Monday, March 6, 2006 06:02 PM

could the universe be a giant computer? no

As a Ph.D. in physics who works on cosmology, the answer is pretty much "no". Maybe this book has some fun science, and I don't begrudge a popular book its slant -- it seems not to be crazy -- but the basic fact is that models of the universe as discrete exchanges of information have been around for years and remain solely the domain of crackpots like Stephen Wolfram.

It's a fascinating, attractive idea, but it has no real basis in reality; except in very limited domains, such theories have zero predictive power and, if they do, are essentially window dressing for an underlying theory that is completely different.

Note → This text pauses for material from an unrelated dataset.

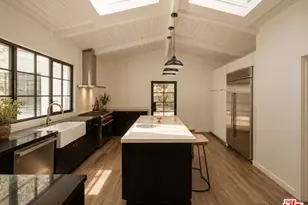 13019 Sky Valley Rd, Los Angeles, CA 90049 - Photo 5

When someone makes a prediction based on these discrete computer metaphors, I'll get interested, but for now the only place you'll see these arguments are internet discussion boards and non-peer reviewed popular books written for the layperson.

Monday, March 6, 2006 07:14 PM

At least it was science-like

At first I thought, woo-hoo! A science article on Salon!

Unfortunately, and perhaps echoing the book under review, glibness soon took centre-stage. Scientists aren't creative? Cake icing?

Science books aimed at general readers are particularly demanding of expert review, preferably by scientists, but certainly not by Betty Crocker.